FIG. 7 is a depiction of a wall mounted heat pump internal heating unit with its drainage line connecting to the in-wall legacy heat piping infrastructure in a location in which the old baseboard radiator and in-unit pipe (depicted with dotted lines) have been removed according to the exemplary embodiments of the present invention depicted in FIGS. 1-6.
FIG. 8 is a depiction of a wall mounted heat pump internal heating unit with its drainage line connecting to the in-wall legacy heat piping infrastructure in a location in which the old baseboard radiator and in-unit pipe (no longer depicted) have been removed according to the exemplary embodiments of the present invention depicted in FIGS. 1-7.
FIG. 9 is a schematic illustration of the present invention's system control managing the drainage of condensate from a wall mounted heat pump into a building's legacy heat piping infrastructure according to the exemplary embodiments of the present invention depicted in FIGS. 1-8.
DETAILED DESCRIPTION OF THE INVENTION
The following detailed description illustrates the technology by way of example, not by way of limitation of the principles of the invention. This description will enable one skilled in the art to make and use the technology, and describes several embodiments, adaptations, variations, alternatives and uses of the invention, including what is presently believed to be the best mode of carrying out the invention. One skilled in the art will recognize alternative variations and arrangements, and the present technology is not limited to those embodiments described hereafter.
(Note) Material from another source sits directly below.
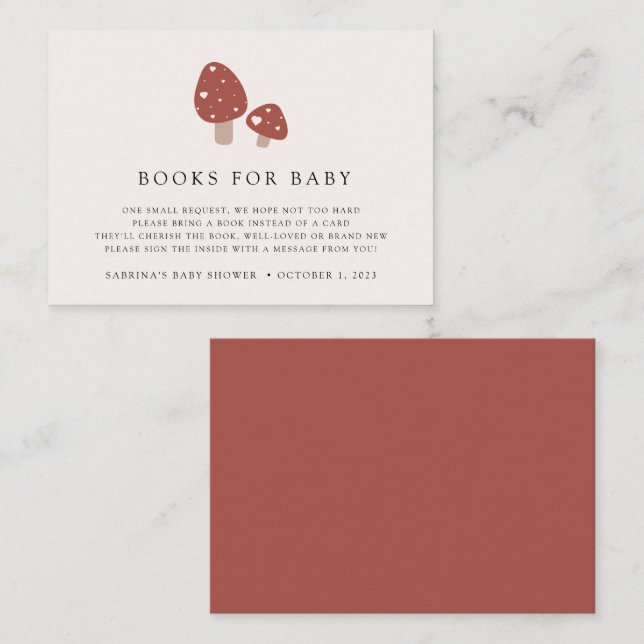 Carte D'accompagnement Livres De Champignons D'Automne Pour Bébé (Devant / Derrière)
The present invention provides a system for draining condensate from the coils of a cold-climate heat pump heating system 10 into the existing piping infrastructure 20 of a building. The invention operates by collecting the condensate and introducing it into the building's piping 20 in a controlled manner to ensure that system does not affect the building's legacy heating systems. Preferable embodiments include a drainage pan 12 having a drainage hole 13, condensate piping 14 connected to the drainage hole 13 and the legacy heat piping 20.
Condensate piping 14 may be any suitable conduit permitting fluid flow therein, and may include essentially any tubing, hose or rigid piping used in construction, manufacturing or laboratory. For example, tubing may be PVC tubing, polyethylene tubing, polypropylene tubing, polyurethane tubing, fluoropolymer tubing, silicone tubing, etc. Tubing may also be steel tubing including mild steel or stainless steel tubing. Hose may be any tubing reinforced with metal wire or synthetic or natural fiber or threads. Piping may be plastic pipe or metal pipe. The particular type and material to be used for condensate piping 14 will be determined by expected heat and pressure from legacy heat piping 20 that the condensate piping 14 will be exposed to and by considerations of cost and installation convenience.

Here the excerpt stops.